- _WHAT YOU NEED TO DO_: Each record below should be returned word for word, with no pictures included.

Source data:
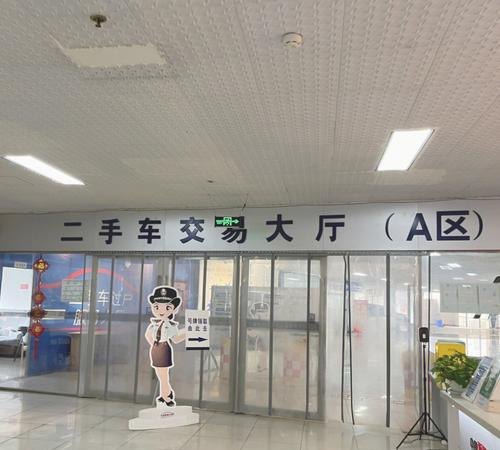 公司名下车牌怎么过户及公司名下车牌怎么过户给子女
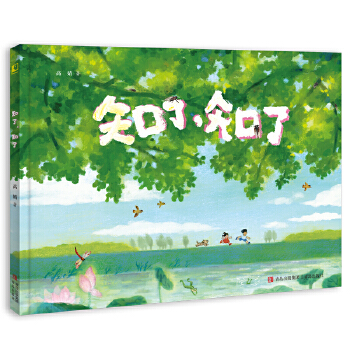  ֪֪ˣһμĹһյͯ꽻푣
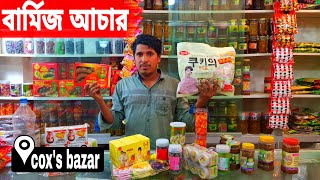 কক্সবাজারে বার্মিজ আচার খেয়ে দেখলাম | সত্যিই খুব মজার আচার | coxs bazar barmis achar | Mithu 2.0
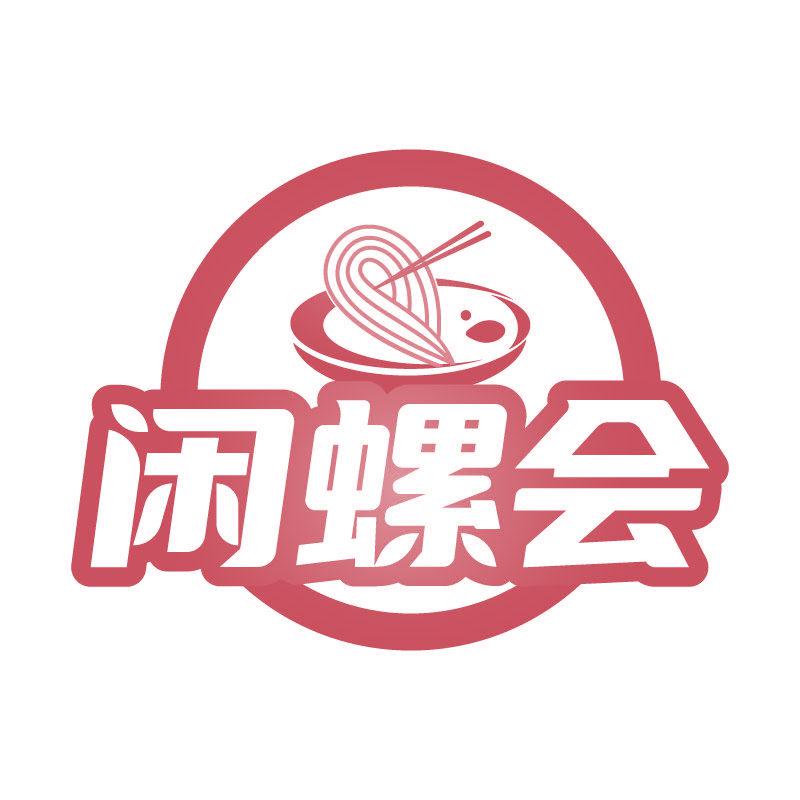 閑螺會(huì)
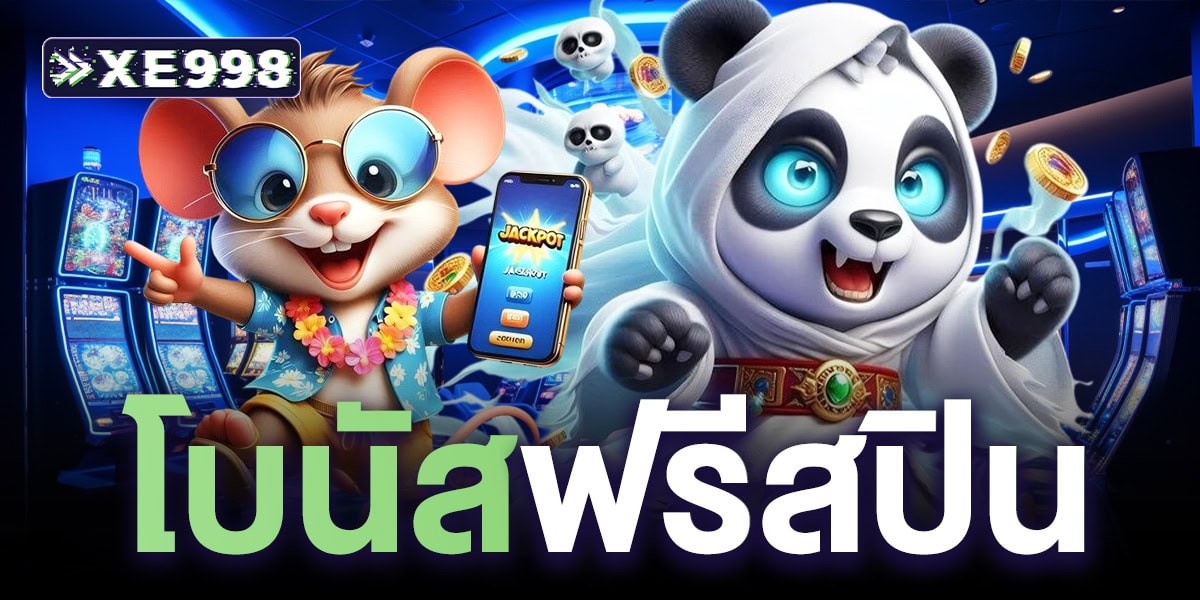 โบนัสฟรีสปิน คืออะไร? ทำไมถึงกลายเป็นขุมทรัพย์ของนักเล่นสล็อต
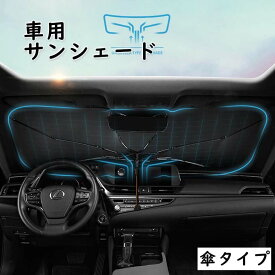 サンシェード 車 フロント 傘タイプ 車用サンシェード カー用品 日除け 折り畳み式 傘型 車中泊 10本骨 6層高分子断熱材料 145×85CM 大型車まで適用 仮眠 遮光 遮熱 UPF50+ UVカット ハンドル 取付簡単 コンパクト 収納ポーチ アウト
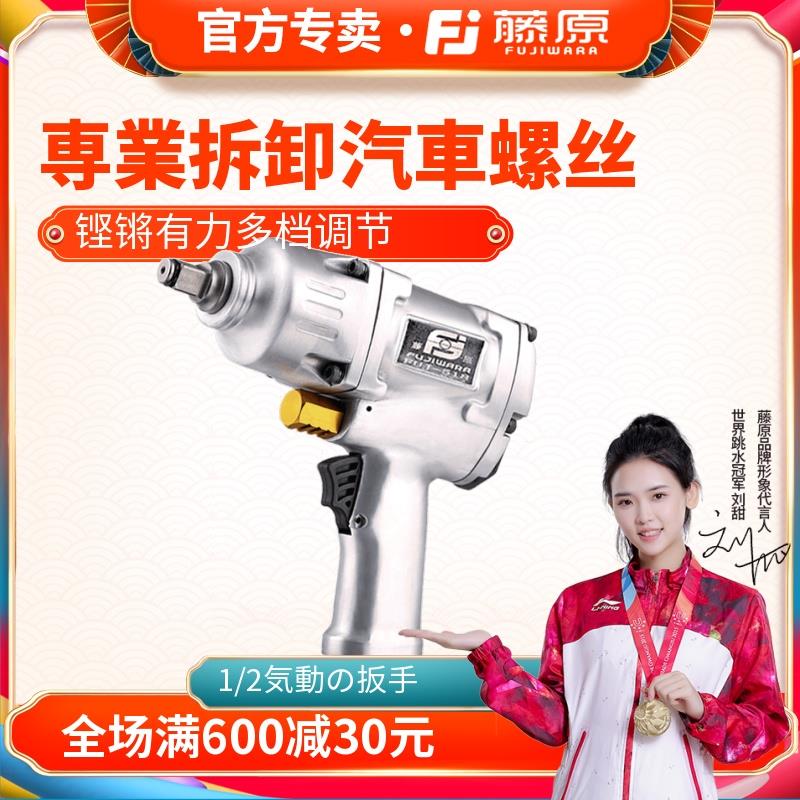 藤原风炮 气动工具重型强力小风炮机大扭力风动气动扳手工具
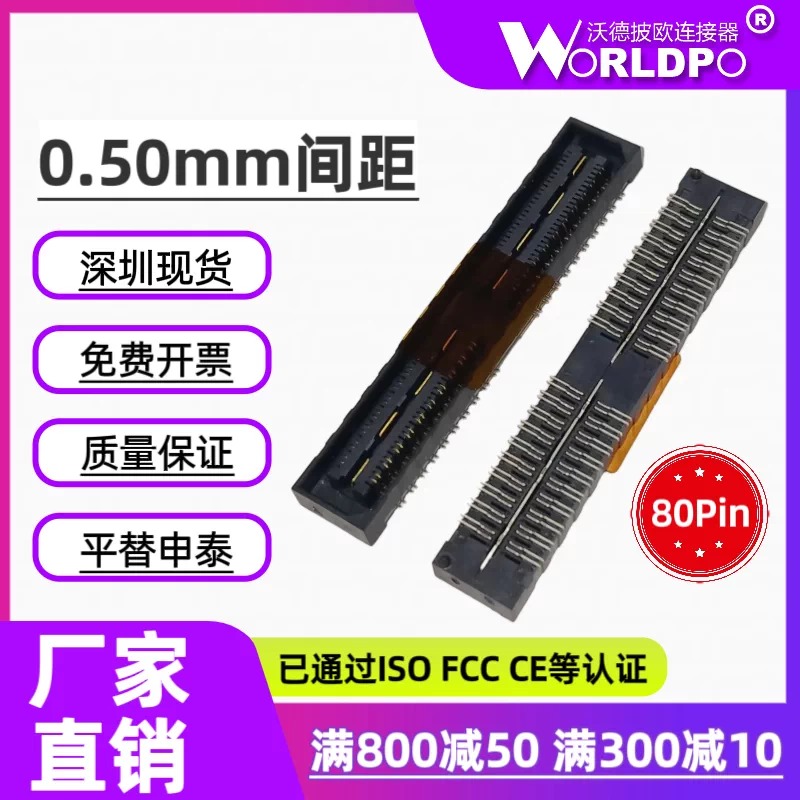 QSH-040-01-L-D-DP-A-K-TR连接器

- _WORKED SOLUTION_:
 公司名下车牌怎么过户及公司名下车牌怎么过户给子女
  ֪֪ˣһμĹһյͯ꽻푣
 কক্সবাজারে বার্মিজ আচার খেয়ে দেখলাম | সত্যিই খুব মজার আচার | coxs bazar barmis achar | Mithu 2.0
 閑螺會(huì)
 โบนัสฟรีสปิน คืออะไร? ทำไมถึงกลายเป็นขุมทรัพย์ของนักเล่นสล็อต
 サンシェード 車 フロント 傘タイプ 車用サンシェード カー用品 日除け 折り畳み式 傘型 車中泊 10本骨 6層高分子断熱材料 145×85CM 大型車まで適用 仮眠 遮光 遮熱 UPF50+ UVカット ハンドル 取付簡単 コンパクト 収納ポーチ アウト
 藤原风炮 气动工具重型强力小风炮机大扭力风动气动扳手工具
 QSH-040-01-L-D-DP-A-K-TR连接器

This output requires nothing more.